In need of Books in Addressing and Bit masking

Thread Starter

lio2000

Joined Jun 1, 2011
6
Hi guys
I posted a some threads related to a project of mine
it is a Ultrasonic Range Finder

The Hardware Part
Ultrasonic Range Finder Project
(Which I've done with)


and one is the Software Part
Simulation of Python Programs

Now I didn't get any answer in the Software part but it is fine
so what I need now is this

I want to connect my circuit to the PC via Parallel Port
the idea will be is to trigger the circuit through pulses comes from the computer software interface to the transmitter circuit and then read the data returned from the receiver circuit

what I mainly want is how to address the port and send the right triggers
now I want to use Python (due it's flexibility) but didn't quite manage to make the address nor find a module to be like an example for me in this matter

so I need some books and references in how to write the addresses and how to is bit masking can be implemented in Python
So I can expand my module to process the received data and output the results

thanks for the help

P.S: I don't know if I posted this in the right place..but since I'm concerned about programming I thought to posted her rather than the projects forum
 

cheezewizz

Joined Apr 16, 2009
82
Googling "python parallel port" and the first result is for the pyParallel module. Have you tried that one? on another note, your PC still has a parallel port on it? ..... Wow...
 

someonesdad

Joined Jul 7, 2009
1,583
If I were you, I'd certainly spend some effort figuring out how to get the pyParallel module working. Did you read the man page? If you're using Windows or Linux, there are extra instructions you need to pay attention to. I've used the same author's pySerial module for a number of years and had good experiences with it.

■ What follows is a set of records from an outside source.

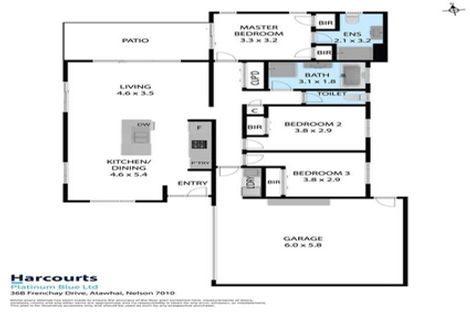 Photo of property in 36b Frenchay Drive, Atawhai, Nelson, 7010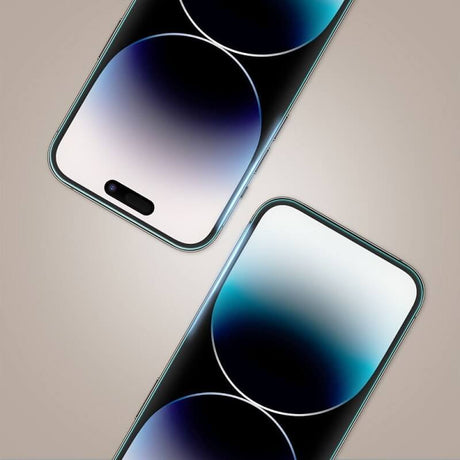 Стъклен Протектор за Samsung A36, Tech-Protect Fit+ FC Glass 2бр., Прозрачен (2)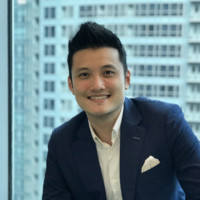Yong Kang荣康, Cfp®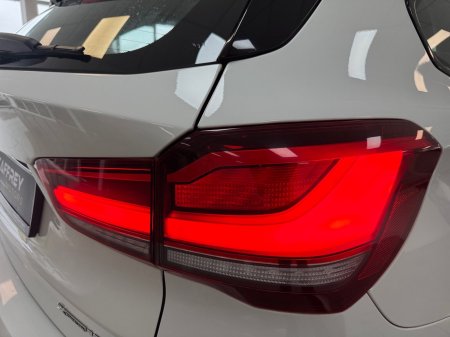 2021 BMW X1 - photo 20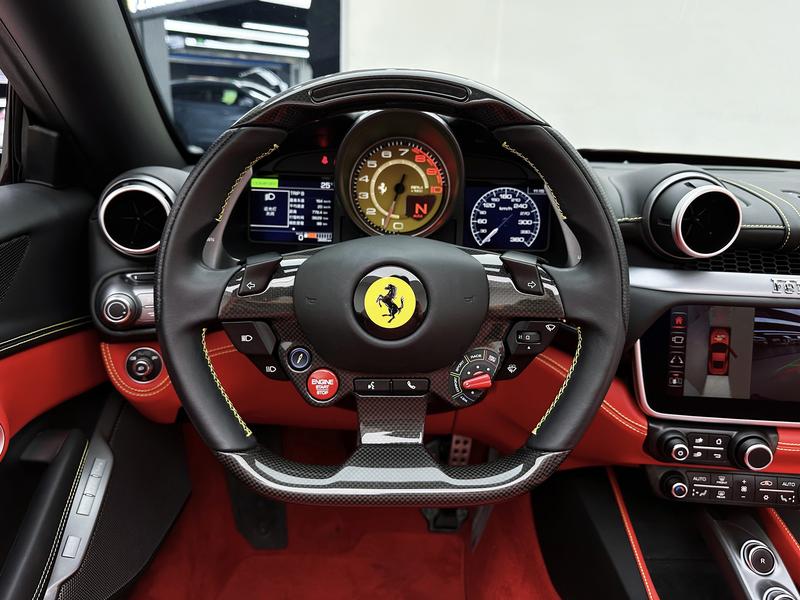 Ferrari Portofino, 2023 — фото 12 из 12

If that can't work, then you can spend some effort finding a DLL that lets you access the parallel port. Once you have that, you can call into that DLL using the python ctypes module.

I'm not sure what you mean by "bit masking" in this context, but you can do any bit operation you typically can do in e.g. C by using the usual and/or/xor/not operations on python integers. The only twist is that integers can be of any size compared to the usual fixed-size integers in C/C++. If you just have to operate on fixed-size integers, lemme know and I'll post a class I wrote to do so.